This week's parsha, Mishpatim, contains a continuation of the laws granted to the Jewish people at Sinai. Following the great revelation at Mount Sinai, and the delivery of the Aseret Hadibrot (the 10 Pronouncements), Hashem proceeds to lay out a wide variety of mitzvot that lay the foundations for a civil society. Among these laws are the restrictions pertaining to the Eved Ivri - a Jewish slave owned by a fellow Jew. The Torah seems to acknowledge the oppression of slavery, such as that of the Jewish experience in Egypt; the tolerance of slaveholding may have been an accommodation to a society and world where slavery was the norm.


According to Torah, a master must grant a Jewish slave freedom upon the arrival of the seventh year. However, there is provision for a slave who wishes to remain with his owner. When a slave refuses to go free, the owner is instructed to bring the slave to a doorpost, and pierce his ear with an awl to mark him as a committed slave. Only upon the arrival of the jubilee fiftieth year is such a slave then freed.


Why would a person refuse to go free and rather wish to remain enslaved? What do we learn from this mitzvah in a time when we no longer engage in the cruel practice of slavery?

Sapira remarks upon the Hebrew word מרצע (martze'a) for the tool used for the piercing. She points out that the word is an anagram of מצער (mi-tza'ar) which literally means, "from a place of despair". One can imagine that there are people who fear freedom beyond the confines of the world with which they are familiar. The distress of autonomy might compel such a person to retreat to servitude.

Also significant is the gematria of the word מרצע which is equivalent to 400 -- the number of years the Jewish people were enslaved in Egypt. A Jew who refuses their own freedom is literally marked to signify the irony of their choice, given the foundational, tragic Jewish experience of slavery.

As well, the ear is the very organ with which the Jewish people heard Hashem's voice at Sinai, the voice impelling them to freedom with all its risks, to serve G-d and no other. The slave who denies themselves liberty is marked in their ear, to signify the cleft between their choice and the Divine ideals of liberty sounded by Hashem.

Sapira points attention to the location where the piercing is conducted -- the doorpost.

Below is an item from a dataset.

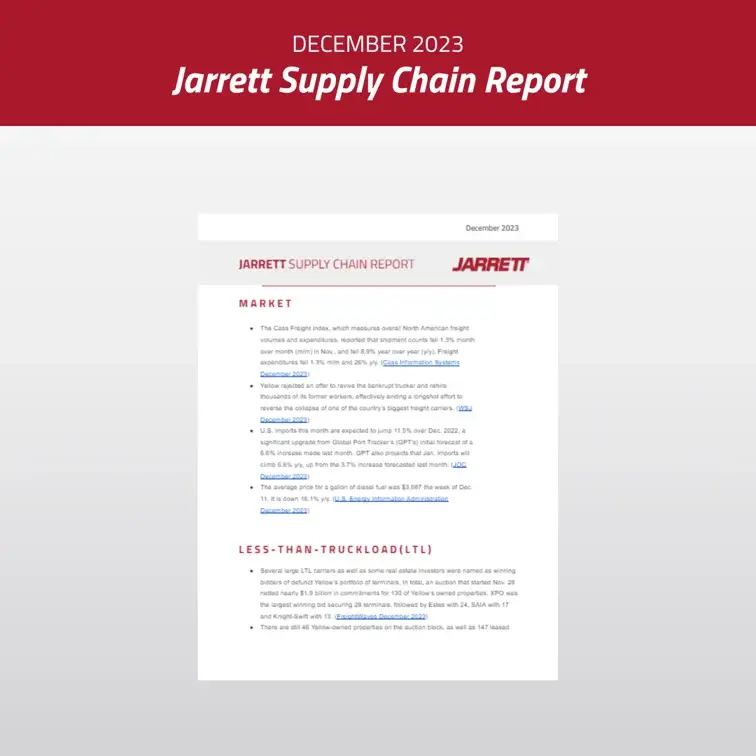 December 2023 Supply Chain Report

A doorway represents a liminal space, the literal threshold of transition from one place to another. Any transition where we stand between one important place in our lives and another, can prove fearsome. This liminal space is the point where a decision needs to be made.

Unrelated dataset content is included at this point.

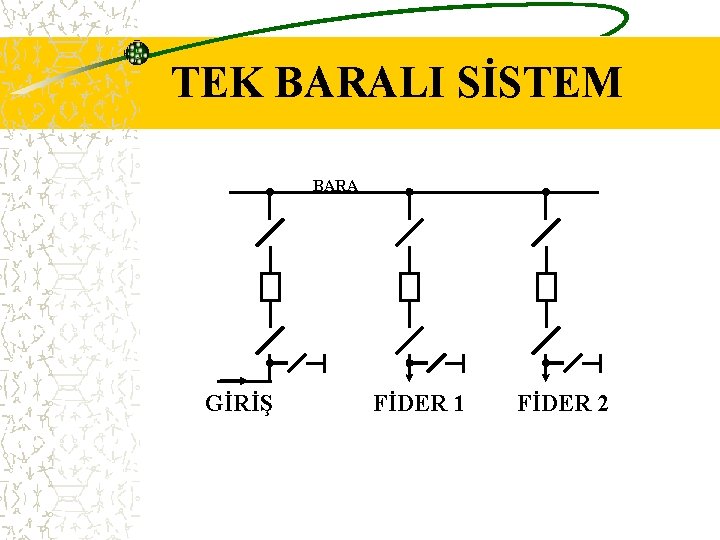 TEK BARALI SİSTEM BARA GİRİŞ FİDER 1 FİDER 2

We stand at times at important thresholds in life. As noted author Bill Bridges points out in his book Transitions: Making Sense of Life's Changes, the transitional/liminal space can be unsettling and even frightening. When we wish to make a change in life, we may hear the message from others, "Don't change! Stay back!" In the course of transition, one may experience trauma and difficulty. After a time, when a person succeeds in changing, they can look back with new insight and learning about what they have undergone.

​To some, the threat of change, even to an improved situation, can prove overwhelming. The Eved Ivri at the end of seven years stands at a potential transition to autonomy. The refusal to go forward, the retreat into familiarity and safety, may represent a lost opportunity that cannot be regained. Such a person who refuses to go forward remains forever marked by his unreadiness to take ownership of his situation.

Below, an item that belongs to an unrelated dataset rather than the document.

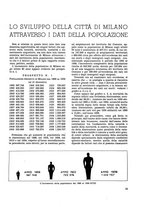 giornale/TO00179380/1940/unico/00000173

Hashem does not wish for the Jewish people to retreat back to slavery, as they threatened to do at the incident of the Hebrew Spies in the book of Bemidbar. Rather, G-d wishes for us -- both individually and collectively -- to proceed forth boldly into the world, to face our unsettling challenges with emunah (faith) and bitachon (surety) that Hashem accompanies us in our journeys. We cannot attain success unless we risk failure.
May we be inspired by Sapira's learning, to acknowledge the great demands of transition in our lives, and to find faith in Hashem to see us through to new pathways.